Başkanlık sistemi dahil olmak üzere bütün demokratik sistemlerin tartışmaya açılmasının makul ve kabul edilmesi gereken gelişmeler olduğunu belirten Baro Başkanı Özmen, "Ancak, yaşanılacak bu değişim sürecine toplumun ihtiyaçları ve katılımının ne ölçüde bu dinamizme uygun bir şekilde harekete geçirildiği hiç tartışılmadan hatta üzeri örtülerek gerçekleştiriliyor olmasını kabul etmek mümkün değildir. Yapılmak istenilen Anayasa değişikliği ile zaten sorunlu olan yargı sisteminde, ağır aksak işleyen yasama ve yürütme faaliyetlerinde yapısal çözümler yerine adeta bu erklerin tek elde birleştirilmesi çözümsüzlükte ısrarın tezahürüdür. Demokratik parlamenter sistem bu haliyle bile yetkileri kuvvetler ayrılığını redde dayanan Cumhurbaşkanlığı sisteminden evladır. Yaşadığımız ve içinden geçtiğimiz bu dönemde çoğulcu siyasal rejimi, meclisi ve yargıyı aynı otoritenin hakimiyet alanına çekmenin ne derece demokratik olduğu izaha muhtaçtır. Ülkemizde sorunlu olan demokratik sistemin iyileştirilmesi ve güçlendirilmesi gerekirken, henüz bu demokratik olgunluk tam olarak gerçekleştirilmeden yasama, yürütme ve yargı yetkilerinin kişilerden bağımsız olarak bir siyasal partinin liderine tevdi edilmesi, sadece bugünün veya iktidarda olan partinin değil, başkaca siyasal odakların da gelecekte toplum karşısında pervasız ve denetimsiz olacağı kaygısını gözler önüne sermektedir"dedi.

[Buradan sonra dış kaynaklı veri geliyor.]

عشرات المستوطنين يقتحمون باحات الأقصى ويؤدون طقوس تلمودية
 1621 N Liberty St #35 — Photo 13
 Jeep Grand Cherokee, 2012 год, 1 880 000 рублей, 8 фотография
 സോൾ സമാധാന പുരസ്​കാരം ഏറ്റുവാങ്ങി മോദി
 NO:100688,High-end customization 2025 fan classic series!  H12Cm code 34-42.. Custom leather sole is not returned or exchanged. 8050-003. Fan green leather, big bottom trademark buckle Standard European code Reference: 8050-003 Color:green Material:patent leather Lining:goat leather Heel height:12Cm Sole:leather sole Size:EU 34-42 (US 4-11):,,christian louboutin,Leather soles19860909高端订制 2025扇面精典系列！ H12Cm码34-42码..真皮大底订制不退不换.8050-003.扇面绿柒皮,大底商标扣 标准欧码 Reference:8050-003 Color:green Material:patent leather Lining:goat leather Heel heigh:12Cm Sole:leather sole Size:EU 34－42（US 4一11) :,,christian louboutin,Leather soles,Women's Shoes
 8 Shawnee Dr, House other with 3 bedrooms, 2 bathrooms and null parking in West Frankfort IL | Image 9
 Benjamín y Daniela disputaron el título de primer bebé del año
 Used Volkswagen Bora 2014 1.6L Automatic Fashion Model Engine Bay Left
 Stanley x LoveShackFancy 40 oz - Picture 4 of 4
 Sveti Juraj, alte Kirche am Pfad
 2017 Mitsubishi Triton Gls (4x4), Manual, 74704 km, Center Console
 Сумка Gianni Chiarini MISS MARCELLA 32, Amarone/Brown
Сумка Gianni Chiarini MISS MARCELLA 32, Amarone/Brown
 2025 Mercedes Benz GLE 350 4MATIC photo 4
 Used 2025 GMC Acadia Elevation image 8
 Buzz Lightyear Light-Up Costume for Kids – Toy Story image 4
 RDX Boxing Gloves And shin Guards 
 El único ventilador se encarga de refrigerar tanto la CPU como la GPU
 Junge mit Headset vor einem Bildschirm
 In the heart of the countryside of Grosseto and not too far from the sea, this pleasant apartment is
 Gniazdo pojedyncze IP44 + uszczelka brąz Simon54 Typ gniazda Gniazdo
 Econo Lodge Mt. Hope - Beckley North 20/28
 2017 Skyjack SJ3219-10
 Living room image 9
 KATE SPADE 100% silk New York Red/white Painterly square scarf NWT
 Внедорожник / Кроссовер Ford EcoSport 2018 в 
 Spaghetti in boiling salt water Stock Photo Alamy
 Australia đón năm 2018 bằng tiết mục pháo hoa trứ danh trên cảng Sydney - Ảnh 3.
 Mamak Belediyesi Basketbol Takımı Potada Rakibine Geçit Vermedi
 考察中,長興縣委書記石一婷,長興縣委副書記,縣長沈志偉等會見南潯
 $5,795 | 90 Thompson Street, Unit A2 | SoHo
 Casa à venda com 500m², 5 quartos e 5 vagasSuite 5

Anayasa'nın toplumsal barışı önceleyen, bütün farklılıklara güvence tanıyan bir metne dönüştürülmesi gerektiğini kaydeden Özmen, "Sadece içinde olduğumuz zamana göre değil gelecek perspektifine de anayasa metninde ve ruhunda yer vermelidir.Bir darbe ürünü olan ve toplumun ihtiyaçlarını karşılamayan bundan dolayı da defalarca değişikliğe uğrayan mevcut 1982 Anayasası'nın yerine yeni bir anayasaya ihtiyaç duyulduğuna ilişkin görüşümüzü bir kez daha tekrarlamak isteriz. Toplumun ihtiyacı olan, demokratik, sivil ve kuvvetler ayrılığına dayanan yeni bir anayasadır. Siyasal iktidardan siyasi partilerin,sivil toplum örgütü ve kuruluşlarının yani toplumun tüm kesimlerinin hazırlık sürecine dahil edileceği demokratik, özgürlükçü, evrensel insan haklarına dayalı ülkedeki bütün farklılıkları ve zenginlikleri gözeten yeni bir anayasa yapım sürecinin başlatılmasını; mevcut değişiklik taleplerini içeren paketin sorunların çözümüne katkı sunmayacağı inancı ve yeni sorun alanları yaratacağı kaygısıyla meclis gündeminden çekilmesini talep ediyoruz" diye konuştu.